This task calls for the lines below starting at the one containing "DOEGIRLS - #Florane" and ending at the one containing "A2117300205 MERCEDES Puerta", repeated exactly with both ends kept and pictures left out.

• TASK DATA
════

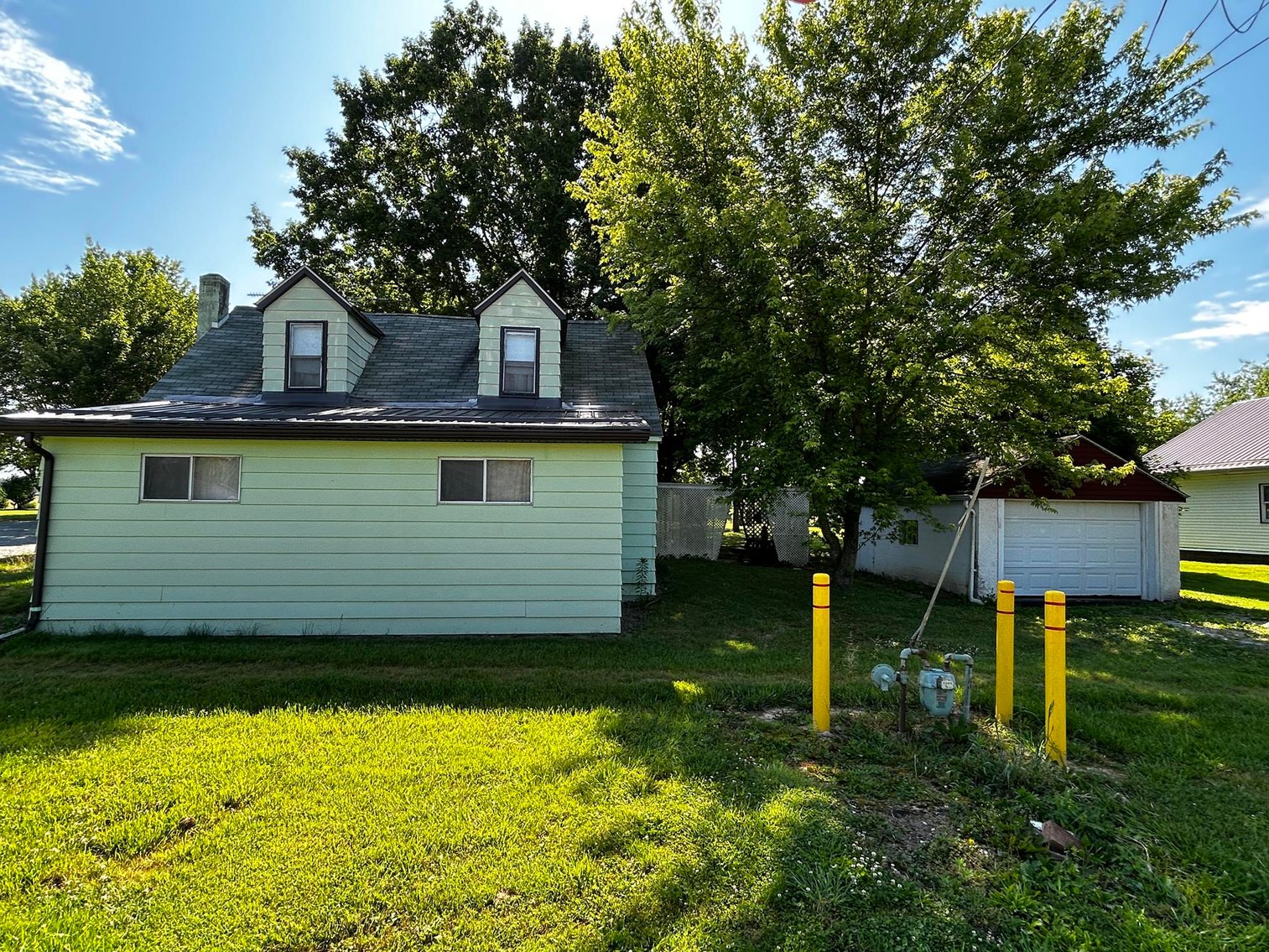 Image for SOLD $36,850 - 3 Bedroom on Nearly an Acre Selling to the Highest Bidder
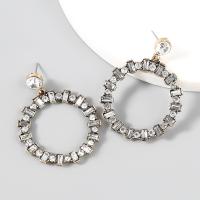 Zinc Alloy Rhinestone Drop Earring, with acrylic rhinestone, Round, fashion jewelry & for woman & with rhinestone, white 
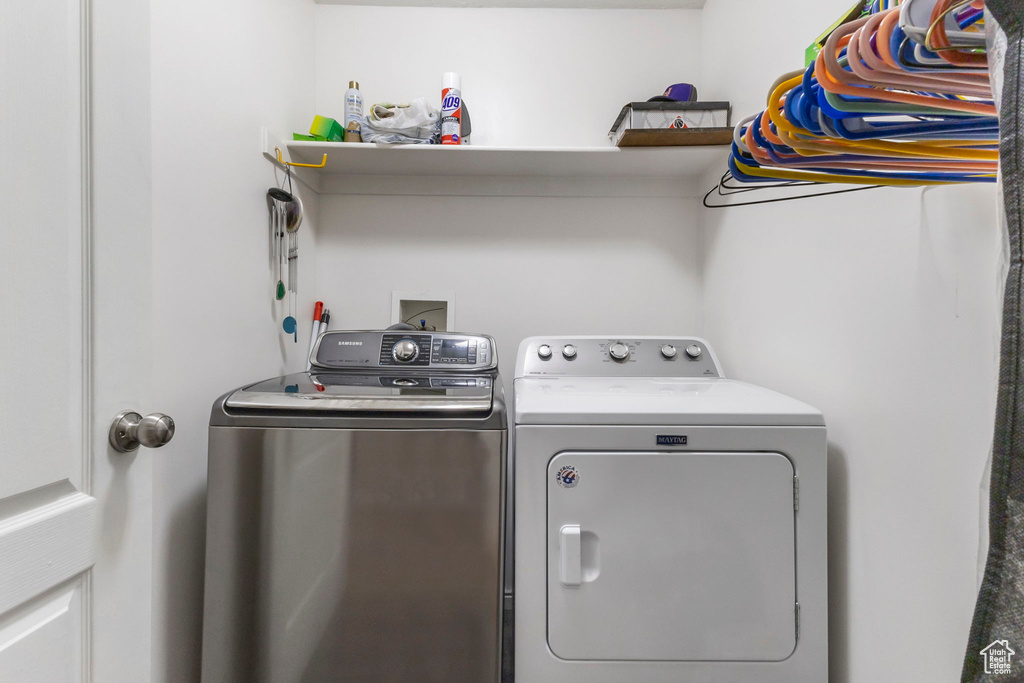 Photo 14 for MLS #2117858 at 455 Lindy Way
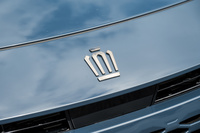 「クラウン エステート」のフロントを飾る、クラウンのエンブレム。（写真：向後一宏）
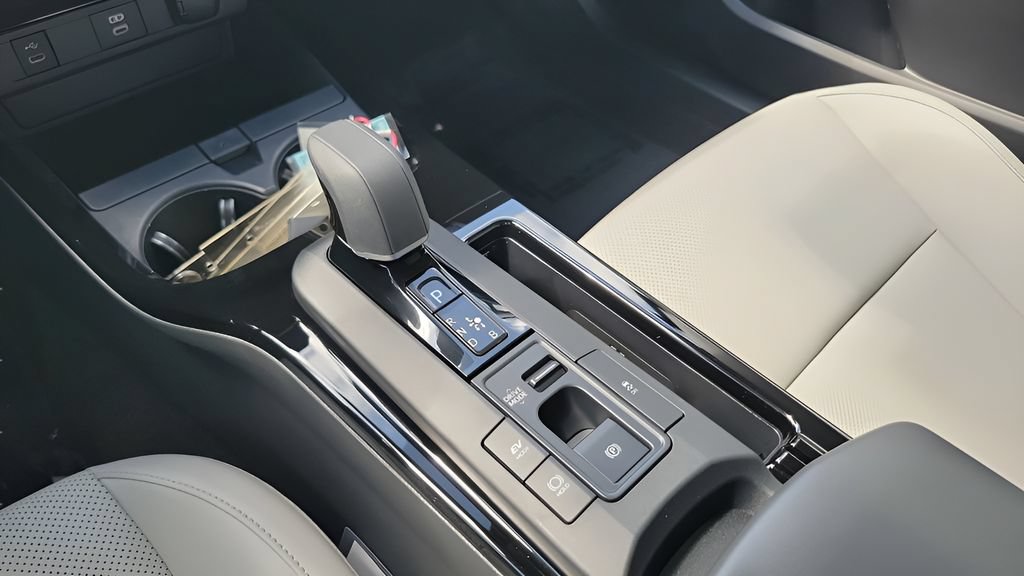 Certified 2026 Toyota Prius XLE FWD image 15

════

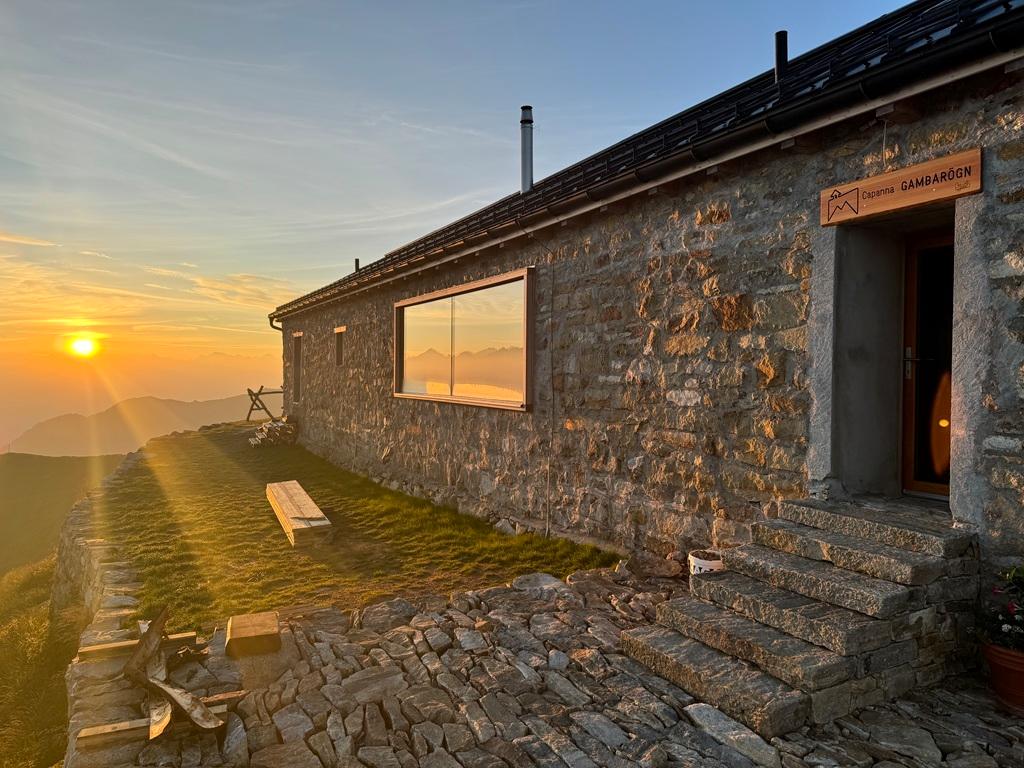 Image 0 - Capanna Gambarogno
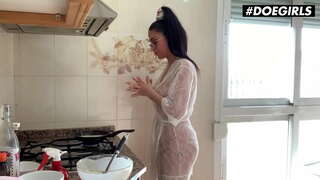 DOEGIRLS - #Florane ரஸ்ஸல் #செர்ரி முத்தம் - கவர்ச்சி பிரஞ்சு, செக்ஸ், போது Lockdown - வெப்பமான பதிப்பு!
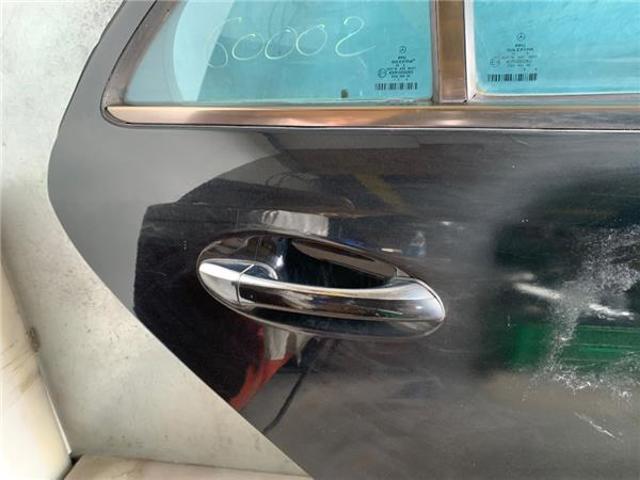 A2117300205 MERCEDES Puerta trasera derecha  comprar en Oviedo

════

• REPLY
 DOEGIRLS - #Florane ரஸ்ஸல் #செர்ரி முத்தம் - கவர்ச்சி பிரஞ்சு, செக்ஸ், போது Lockdown - வெப்பமான பதிப்பு!
 A2117300205 MERCEDES Puerta trasera derecha  comprar en Oviedo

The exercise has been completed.